Und auch die Nutzer haben uns den einen oder anderen Hinweis direkt hinterlassen – z.B. auf der zur Garderobe umgebauten Tür im Obergeschoss aus den 80er Jahren. Ähnlich wurden auch Farbanstriche im Innenraum hinter der Ablufthaube in der Küche aus den 2000er Jahren vermerkt.

Unser Haus ist also über eine lange Zeit immer wieder gewartet und instandgehalten worden.
Die Zeitung von Heute
Nicht bekannt waren uns Maßnahmen aus den 40er Jahren. Dass diese aber stattgefunden haben, dessen konnten wir uns an diesem Wochenende durch ein Zeitzeugnis vergewissern. Denn innerhalb der Decke zwischen Erdgeschoss und Obergeschoss haben wir Zeitungen gefunden. Unter anderem die Eberstädter Nachrichten vom 10. Dezember 1949.

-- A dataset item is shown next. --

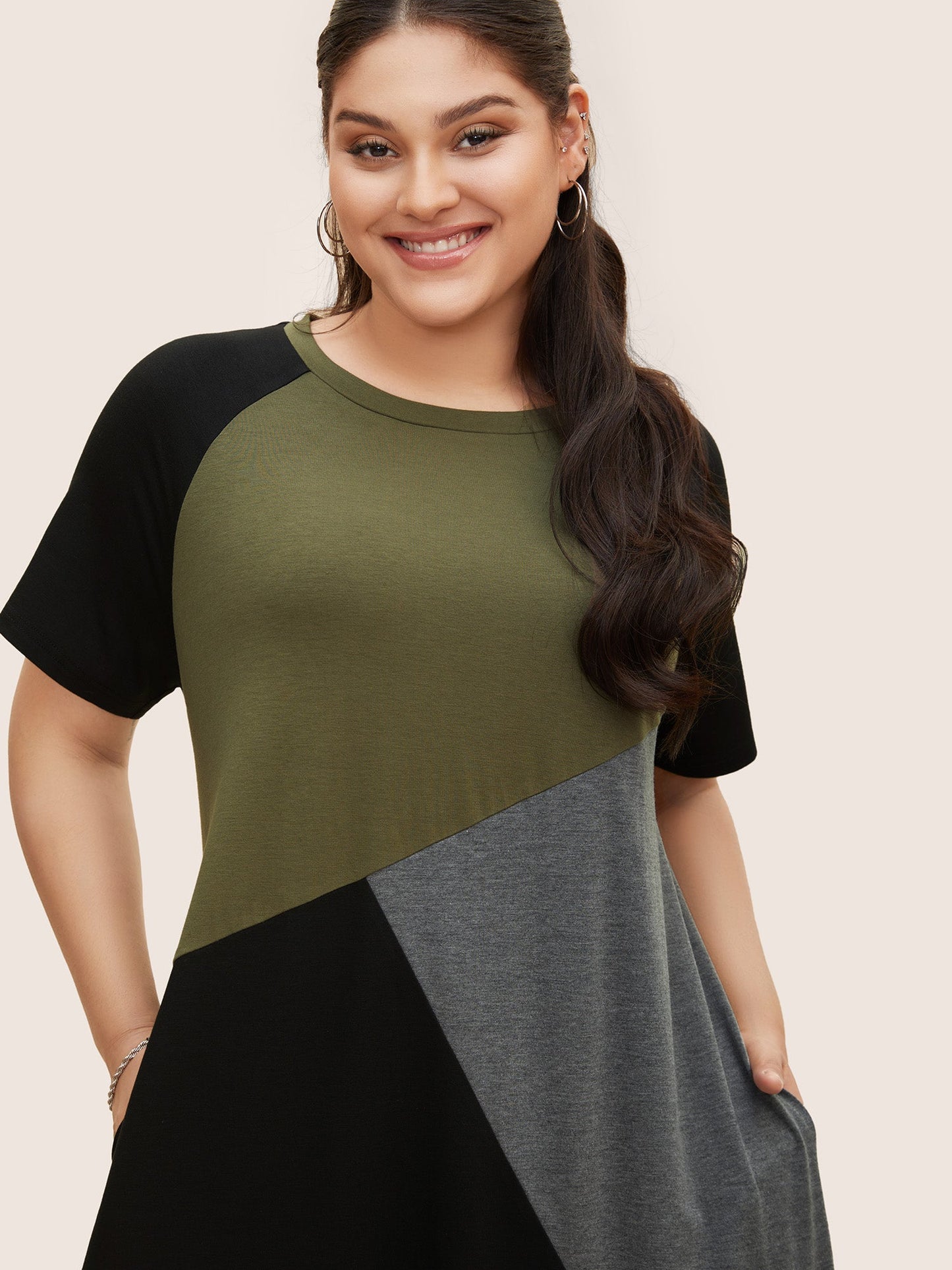 Round Neck Colorblock Contrast Raglan Sleeve Dress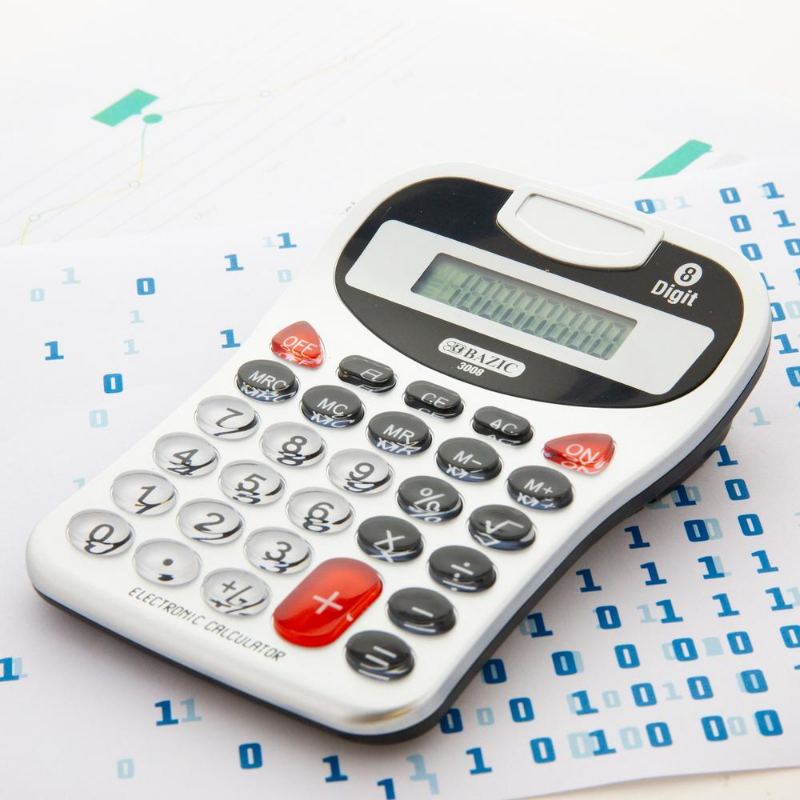 BAZIC 8-Digit Silver Desktop Calculator w/ Tone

Nur zur Erinnerung: Die Bundesrepublik Deutschland wurde am 23. Mai 1949 in den drei westlichen Besatzungszonen gegründet. Der „Musikhit“ des letzten Jahres war noch „Wir sind die Eingeborenen von Trizonesien„. Und die D-Mark ist zu diesem Zeitpunkt gerade mal ein Jahr alt.


Kern der Nachrichten ist die Wohnraumschau – eine Ausstellung, in der die Qualitäten des sozialen Wohnungsbaus gezeigt werden und in der neue Technologien angepriesen werden. Hier gibt es ebenso neue Heizungen wie Haushaltsgeräte. In der Tombola kann man ein Radio gewinnen.
Die Inhalte unseres Zeitzeugnis-Fundstückes sind gar nicht so weit entfernt von dem, was man heutzutage in Zeitungen lesen kann. Klar ist die Sprache eine andere. Aber auch hier geht es um Baubedarf und Flächenmangel. Wie heute auch in den Ballungsräumen Deutschlands. Natürlich auch hier aufgrund völlig anderer Gründe. Bemerkenswert ist es aber schon. Denn zu beiden Zeiten kann man gefühlten Mangel erkennen. Nur dass für uns dieser Mangel auf einem ganz anderen Niveau ansetzt. Das heutige Leben in friedlichem Wohlstand ist ein Privileg, dessen man sich immer bewusst sein sollte.
Hoffnungen einlösen
Welche Schlüsse man daraus ziehen kann? Sicher, dass dieses Privileg Wertschätzung erfahren sollte. In Art. 14 Abs. 2 Grundgesetz steht: „Eigentum verpflichtet. Sein Gebrauch soll zugleich dem Wohle der Allgemeinheit dienen.“ Das Wohl im Sinne der Allgemeinheit versuchen wir dabei persönlich auf unterschiedliche Arten einlösen. Beispielhaft einige uns wichtige Punkte:
- Durch den Erhalt und die Weiterentwicklung der Baukultur. Denn in unserem Quartier sind die Siedlerhäuser prägend und schaffen so eine lokale Identität.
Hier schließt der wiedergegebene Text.